In any case, the C definition for "++" includes "takes an object
and produces a value", for both pre- and post-fix "++". Even though
prefix ++ could easily yeild an object, it does not.

>Ok. I guess I was thrown by ambigious language. Both K&R2 and "A Book
>on C" say that ++ can only be applied to variables. K&R2 defines a
>variable as "a location in storage", which is OK.

It is also a better definition than the next one.
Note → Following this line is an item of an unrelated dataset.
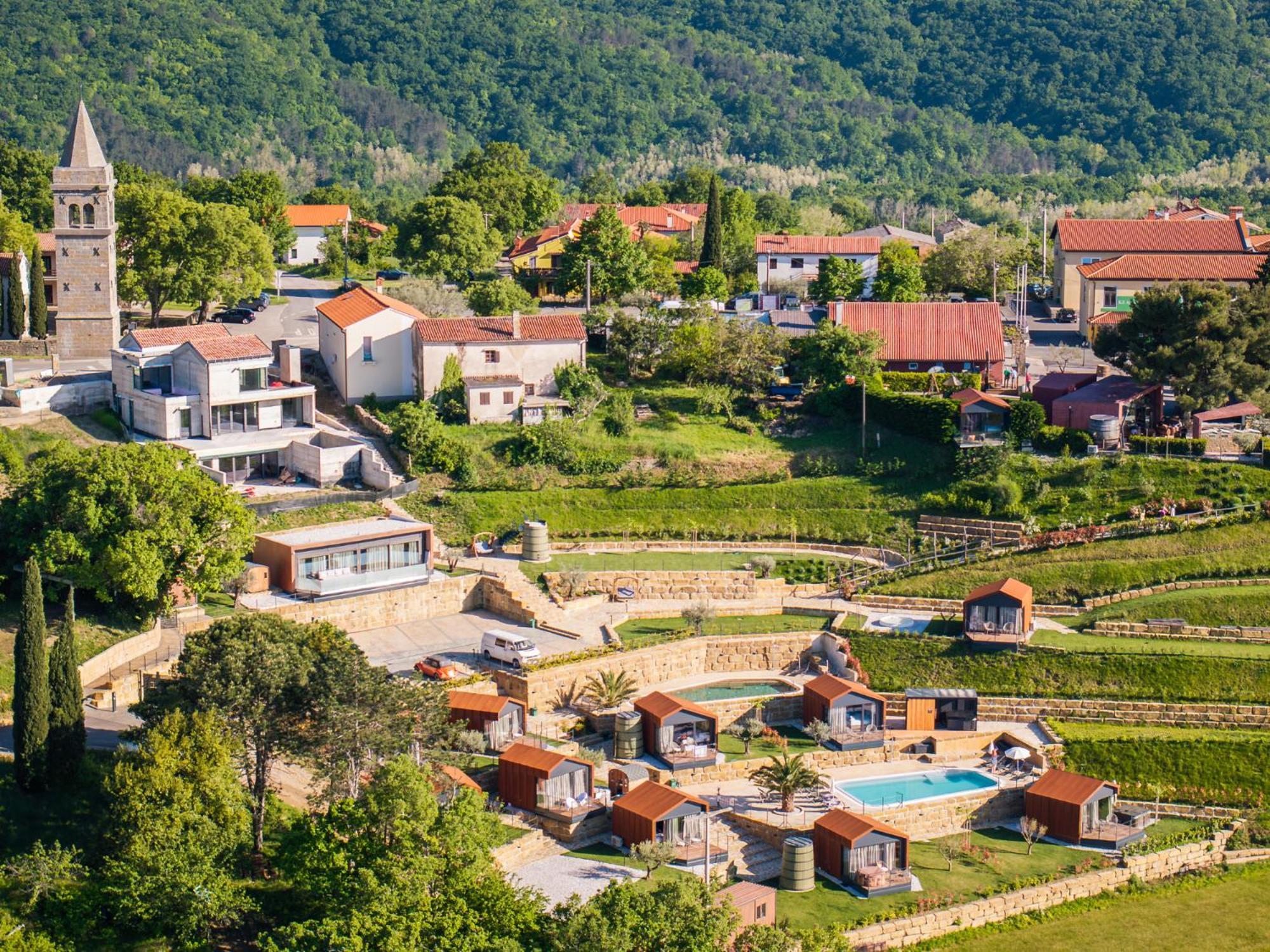 Wine Paradise - Glamping Resort Марезиге Екстериор снимка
Consider:

int *ip = malloc(10 * sizeof *ip);
if (ip == NULL) ... handle error ...

After this, ip[i] (where 0 <= i < 10) is a valid "int" variable --
but compare that with this:

>However, "A book on C" says (pg 107, 4th Edn) that "Variable and
>constants are the objects that a program manipulates. In C, all

>variables must be declared before they can be used."
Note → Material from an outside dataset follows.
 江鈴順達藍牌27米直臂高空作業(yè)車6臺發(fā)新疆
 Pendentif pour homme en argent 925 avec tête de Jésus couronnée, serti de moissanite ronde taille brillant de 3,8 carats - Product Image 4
The variable "ip" is certainly declared, but the object at, say,
ip[3] is not "declared" at all. It comes from malloc() storage,
and has "allocated" storage duration, i.e., it lasts until a
corresponding free(ip). Still, ip[3] is a variable, and after
setting it to some initial value such as 42, "ip[3]++" is just
fine.

By the way, I think another example of those <object-or-value,
type, current-value> triples here is appropriate here. The variable
"ip" has type "int *":

ip: <object, int *, ptr from malloc>

The subscript operator [] is defined as:

ip[i] <=> (*(ip)+(i))

hence:

ip[3] <=> *(ip + 3)

Now we have:

ip + 3

which is:

Converting the object to its value is easy:

<value, int *, ptr from malloc> + <value, int, 3>

Next we have to look up the rules for adding an integer to a pointer.
The result is another pointer, in this case "3 objects away" from
the original one. The three objects are "int"s because the pointer
has type "pointer to int", so the sum is:

<value, int *, "3 ints away" from ptr from malloc>

The "*" indirection operator then takes the pointer and finds the
object:

<object, int, junk>

(well, initially junk anyway, until you stick something into it).

Faheem Mitha

unread,

Jan 4, 2001, 10:44:58 PM1/4/01

to

On Thu, 28 Dec 2000 10:27:49 GMT, Chris Torek <to...@elf.bsdi.com> wrote:
>In article <slrn94hlfj...@Chrestomanci.home.earth>
>Faheem Mitha <fah...@email.unc.edu> writes:
>>... For some reason it is quite difficult for me to keep the
>>concept of a piece of storage and a value distinct in my mind.
>
>Well, all objects in storage have a value (with one exception:

[snipped]

Well, I don't really have a whole lot to say here, except to again say
thank you for taking the trouble to reply in such detail. I feel I
understand the issues raised quite well now, thanks to your
postings. (I read this most recent posting carefully). Have you ever
considered becoming a professional expositor? :-)

Best regards, Faheem (now trying to learn about external and static variables).